Actually the legal system is evidence based. Microsoft has evidence that the code they are producing is licensed under MIT as far as they can reasonably know. There's no definitive way to know that who actually owns the original copyright. I could grant permission to use my repo, but maybe I got that code from someone else, who then got it from someone else and so on and so forth. It's a similar situation with stolen goods, if you unknowingly purchase stolen goods you usually cannot be charged for theft as long as there aren't obvious signs that it's stolen such as the goods being priced far below market value.
Microsoft has evidence that the code they are reproducing is MIT licensed, so are they intentionally violating that license or does this AI thing include the license and attribution in every snippet it generates?
Major aspects of copyright infringement are strict liability, like a lot of civil actions around damages. It doesn't matter if you thought it was OK, there's still a damaged party that needs compensation according to the law. At best you'll simply avoid the criminal and punitive penalties.
No, PornHub doesn't have liability in a lot of cases because of 17 § 512, but has still had to deal with liability in general, which is why they nuked some 80% of their library not backed by verified individuals a while back.
A huge part of 17§512 is the DMCA takedown process mainly in 17§512(c)(3). Does Microsoft even have the ability to truly remove training data from the model? Or do they have to retrain on each DMCA takedown?
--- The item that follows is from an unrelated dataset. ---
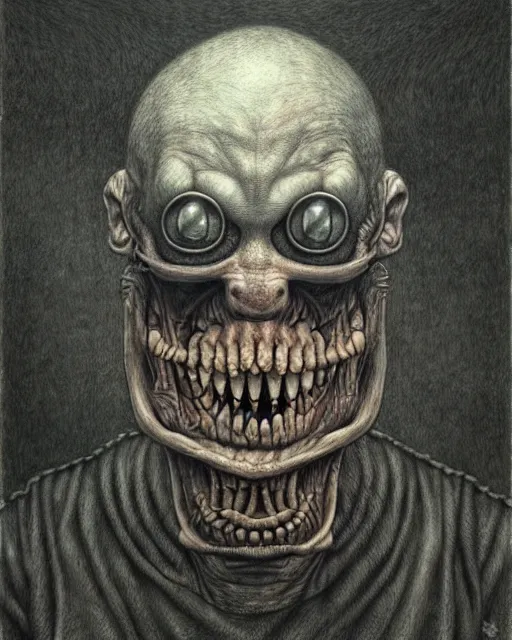 Image similar to a realistic detailed portrait painting of a monster by john kenn mortensen, santiago caruso, synthwave cyberpunk psychedelic vaporwave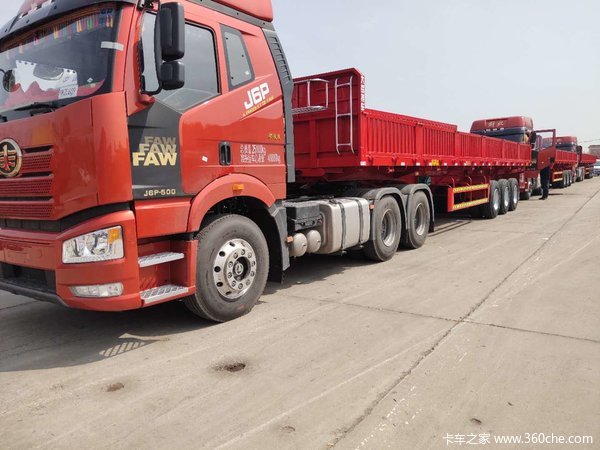 轻型标准侧翻后翻厂家直销自卸半挂车图片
If they had a reasonable basis for believing they had a license they're in the clear. "I didn't know" might not be enough but "I had good reasons to think otherwise" is.
I personally don't want to have to upload proof of identity to GitHub and a signed document swearing that I own the copyright to all the code I upload to GitHub, or proof that I coded it. We need to be careful what we wish for.
> THE SOFTWARE IS PROVIDED “AS IS”, WITHOUT WARRANTY OF ANY KIND, EXPRESS OR IMPLIED, INCLUDING BUT NOT LIMITED TO THE WARRANTIES OF MERCHANTABILITY, FITNESS FOR A PARTICULAR PURPOSE AND NONINFRINGEMENT.